A 600 mm outside diameter tire has a circumference of 1.9 metres. This tire would then turn about 350 rpm at 40 km/h, 440 rpm at 50 km/h, and 800 rpm at 90 km/h.

With *10:1* reduction gearing, the motor would have been turning about 3500 rpm at 40 km/h. The motor was running too fast for peak power at this speed, but would deliver more torque to the wheel at low speed than it would with less gear reduction.

With *5:1* reduction gearing:

the motor would have been turning about 4000 rpm at 90 km/h... but it couldn't get anywhere near that because it can't produce any torque (and thus no power) at that motor speed;
the motor would have been turning about 2200 rpm at 50 km/h... probably too low for ideal power, so you might hope that it would climb in speed and climb in power to match, but it might have just not had quite enough torque to the wheel to overcome drag. It would have 59% more torque at this speed than at 3500 rpm, but only half the multiplication of torque by the gearing.

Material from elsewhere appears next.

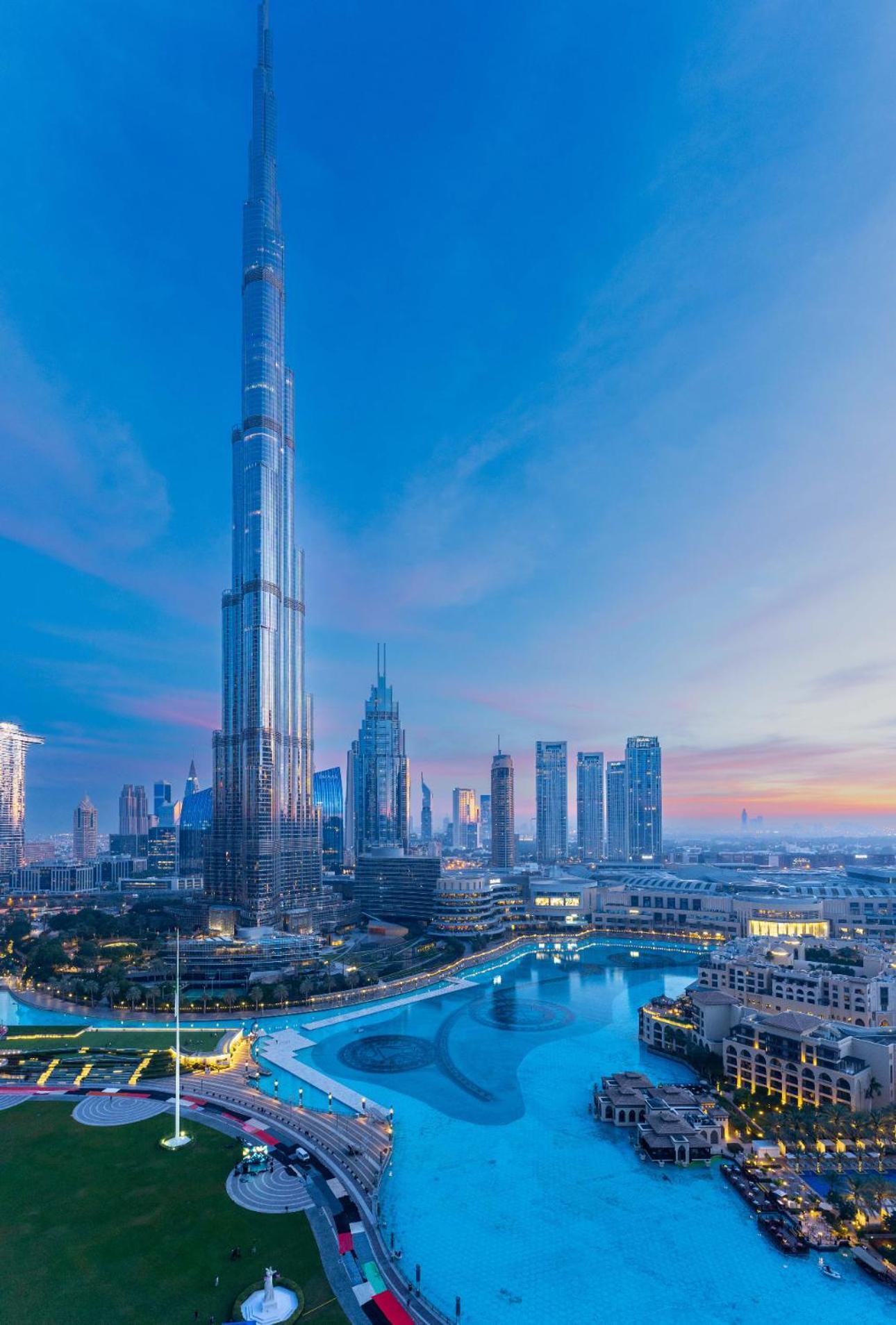 דובאי Spectacular Burj & Fountain View - Luxurious 3 Bedrooms & Maids Room - The Residences מראה חיצוני תמונה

You can pick different gear ratios, see where that puts you versus speed on the power curve, and maybe find an optimal compromise. I suspect that it's not going to be 90 km/h: for example, if 90 km/h is 3300 rpm, the gearing would be about 4:1, and we know that would not produce enough power at 50 km/h to keep accelerating.


----------



## Killzilla (Aug 19, 2016)

Thanks Brian for taking the time in your reply and providing an insightful answer. It seems that the motor is simply not good enough to provide the necessary power. I have visited EVdrives.com and selected an entirely new set of motor and motor controller to work at 48 V. 

Motor: http://www.evdrives.com/product_p/mot-me1602.htm

Motor Controller: http://www.evdrives.com/product_p/con-sr48400.htm

I am cutting back on my top speed expectations and settling for 50 mph (80 km/hr) as top speed. Also investing in a single speed transmission instead of the direct drive I had earlier to provide me the torque I require. The motor is rated at 6.4 KW @ 48V. In your estimation is this motor any good? The motor typically hovers around the 3500 mark unloaded. Would you say ME motors have better performance compared to Golden Motors? 

And if you could recommend a motor that you think is good enough to sustain the performance requirements I am looking at. Somewhere in the range of $1000-$1200 for both motor and motor controller.

Thanks.


----------



## Duncan (Dec 8, 2008)

Hi Killzilla

In your shoes I would be looking for a forklift motor and a Paul & Sabrina controller

Even a small forklift motor will give you more than 10 Kw

Check in your local directory and find out who hires/sells and repairs forklifts
The motors last longer than the rest and are normally sold for scrap metal after the forklift is scrapped off


----------



## Duncan (Dec 8, 2008)

Hi Killzilla

In your shoes I would be looking for a forklift motor and a Paul & Sabrina controller

Even a small forklift motor will give you more than 10 Kw

Check in your local directory and find out who hires/sells and repairs forklifts
The motors last longer than the rest and are normally sold for scrap metal after the forklift is scrapped off


----------



## kennybobby (Aug 10, 2012)

Killzilla said:


> ...
> I am cutting back on my top speed expectations and settling for 50 mph (80 km/hr) as top speed. Also investing in a single speed transmission instead of the direct drive I had earlier to provide me the torque I require. The motor is rated at 6.4 KW @ 48V.


If a 10 kW motor won't do the job, then why consider a lesser 6.4 kW motor?

At 50mph just the air resistance and rolling friction power load for a 750kg vehicle is easily 8 to 10 kW, and a motor that size will likely take a long time to ever reach that speed if the gearing is ideal.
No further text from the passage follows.